É claro que o presidente Trump tinha a intenção de substituir as relações imperiais dos EUA por relações comerciais. Ele pusera em causa tanto a NATO como a União Europeia. Ele colocara os europeus perante as suas responsabilidades. Ora, a tentativa de voltar a devolver os Estados Unidos à organização do mundo herdada da Segunda Guerra Mundial não encontrou oposição. Todos os dirigentes europeus acham mais confortável colocar a sua Defesa sob o «guarda-chuva americano», e pagar o preço por isso.

A União Europeia foi construída em várias etapas

- No início, em 1949, os Estados Unidos e o Reino Unido colocaram toda a Europa Ocidental no seio de uma aliança desigual, a NATO. Eles pretendiam reger a zona de influência que tinham negociado com a União Soviética. Posteriormente, em 1957, encorajaram os seis Estados membros da NATO (dos quais um ocupado militarmente por eles) a concluir o Tratado de Roma que deu origem à Comunidade Económica Europeia, ancestral da União Europeia. Esse novo órgão deveria estruturar um mercado comum impondo normas comerciais fixadas pela NATO. Foi por isso que a CEE foi organizada em volta de dois poderes: uma burocracia, a Comissão, encarregada de traduzir em legislação local as normas anglo-saxónicas da NATO e um Conselho de Chefes de Estado e de Governo encarregue de por em prática essas decisões nos seus próprios países. Tudo sob o controle de uma Assembleia Parlamentar composta por delegados dos parlamentos nacionais.
 
- Tendo este dispositivo da Guerra Fria sido concebido contra a URSS, a sua finalidade foi posta em questão com o desaparecimento desta, em 1991. Depois de muitas peripécias, Washington impôs uma nova arquitectura: o secretário de Estado James Baker anunciou, antes da realização do Conselho de Chefes de Estado e de Governo europeus-ocidentais, que a NATO e a CEE, renomeada União Europeia, aceitariam no seu seio todos os Estados do antigo Pacto de Varsóvia, excepto a Rússia.
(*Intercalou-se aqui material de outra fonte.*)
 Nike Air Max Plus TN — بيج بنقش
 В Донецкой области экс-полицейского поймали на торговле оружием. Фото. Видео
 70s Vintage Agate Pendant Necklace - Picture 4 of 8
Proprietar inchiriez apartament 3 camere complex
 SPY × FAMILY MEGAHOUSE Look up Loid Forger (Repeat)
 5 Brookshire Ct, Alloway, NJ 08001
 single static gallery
As instituições, imaginadas para 6 Estados membros, tiveram de ser reformadas para poder ser utilizadas a 28, ou até mais. 

- Quando o presidente Trump decidiu desvincular o seu país das suas obrigações imperiais, alguns responsáveis europeus pensaram transformar a União Europeia numa superpotência independente e soberana, modelada à imagem dos Estados Unidos, em detrimento dos Estados membros. Censuraram o orçamento da Itália e colocaram a Hungria e a Polónia em julgamento. Mas encontraram muita resistência e não conseguiram transformar a Comissão num Superestado. O retorno do padrinho EUA com o presidente Biden permite vislumbrar um novo resultado institucional: a Comissão continuará a traduzir em legislação europeia as normas cada vez numerosas da NATO e o Conselho a implementá-las nos repectivos ordenamentos jurídcos nacionais, mas dado o número dos Estados membros, uma função executiva deverá ser outorgada ao seu presidente (agora Charles Michel).
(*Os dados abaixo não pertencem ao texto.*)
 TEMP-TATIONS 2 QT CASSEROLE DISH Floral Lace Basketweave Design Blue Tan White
Até à data, os presidentes da Comissão e do Conselho estavam em pé de igualdade. Se o presidente da Comissão estava à cabeça de uma imponente burocracia, o do Conselho era uma personagem sem envergadura, apenas responsável por definir a ordem do dia e registar as decisões. No entanto, nenhum dos dois é eleito, são apenas funcionários. Tendo ambos protocolarmente o mesmo estatuto.
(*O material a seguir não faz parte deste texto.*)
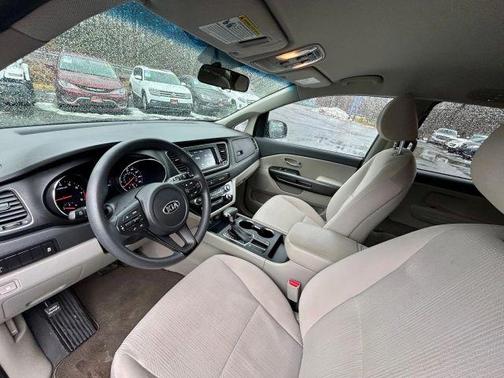 2019 Kia Sedona LX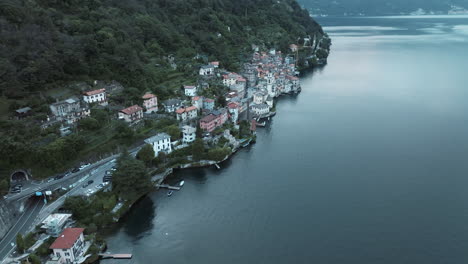 Brienno-Stadt-An-Der-Küste-Des-Comer-Sees-In-Italien,-Gesehen-Von-Einer-Fliegenden-Drohne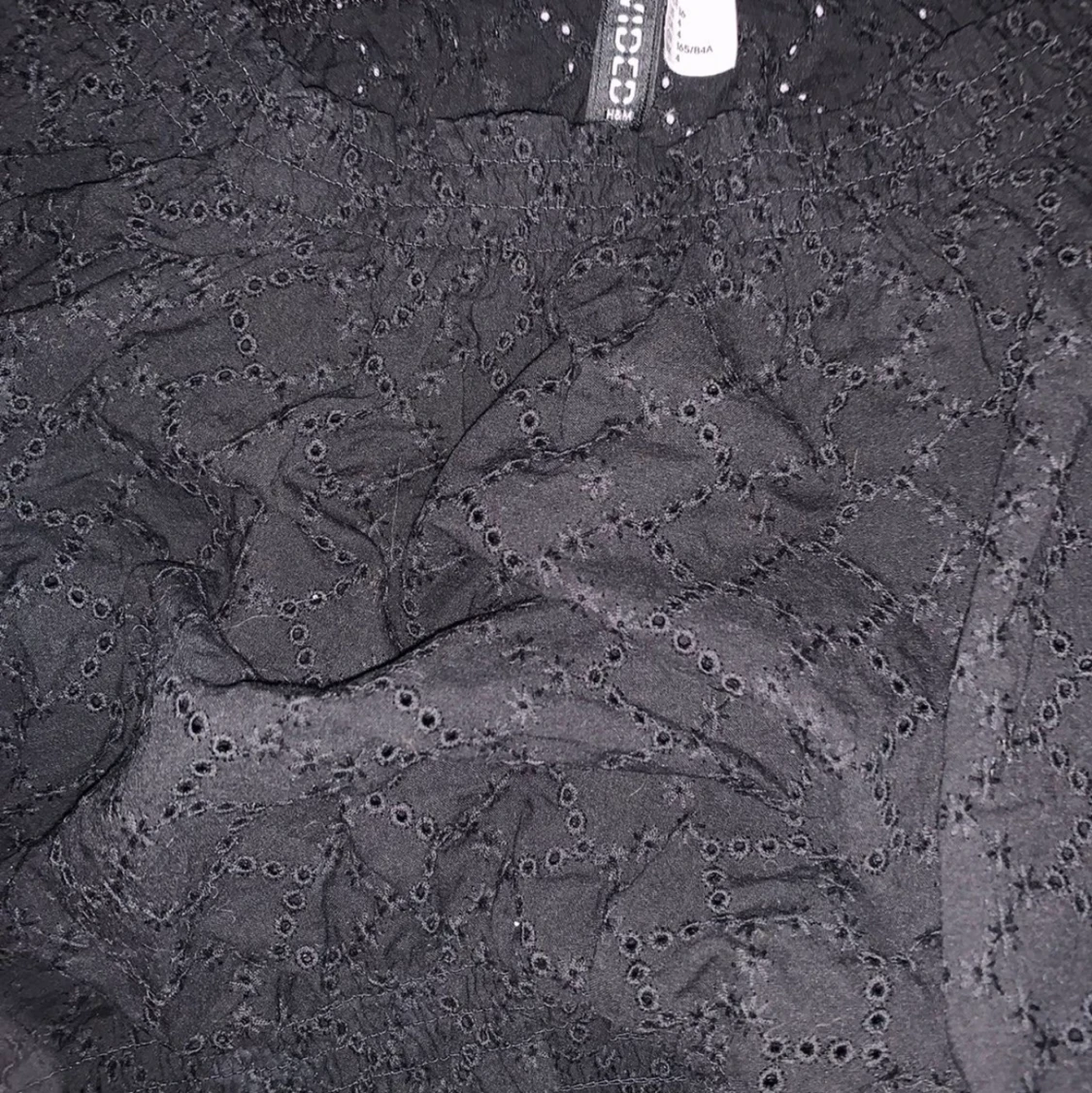 Svart mönstrad topp - 90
Assim, Charles Michel indicou ao seu comparsa Recep Tayyip Erdogan que ambicionava tornar-se o super-chefe de Estado da União, enquanto a presidente da Comissão, Ursula von der Leyen, não passaria da sua «super-primeira-ministra».

Charles Michel agarra-se ao seu cadeirão enquanto Ursula von der Leyen Protests pronunciando um ligeiro «hmmm?!»

Foi Charles Michel, e apenas ele, quem provocou o «incidente protocolar» de Ancara. O presidente Erdogan ficou muito feliz em prestar-lhe este favor porque assim dividiu os unionistas europeus. Se virem os vídeos com muita atenção, constatarão que Charles Michel sobe os degraus do Palácio Branco sem esperar por Ursula von der Leyen, depois precipita-se para o cadeirão disponível e agarra-se a ele em vez de deixar o lugar para a Srª von der Leyen ou deixar a sala com ela se não lhe trouxessem um cadeirão extra. Se lerem a declaração dele depois de sair da reunião, verão que nem sequer evoca o incidente [2]. Se observarem os vídeos turcos do mesmo incidente, constatarão que o sofá em que se senta a presidente da Comissão está voltado para um outro onde se senta o ministro dos Negócios Estrangeiros turco, Mevlut Cavusoglu, de acordo com as instruções do Protocolo Europeu. Com efeito, já não há primeiro-ministro na Turquia uma vez que o regime se tornou presidencialista. Cavusoglu, senta-se, portanto, legitimamente face à «primeira-ministra» europeia.

Não se trata de um incidente diplomático, mas de uma tentativa de Charles Michel se arrogar um poder dentro da União em detrimento desta. A batalha está apenas a começar.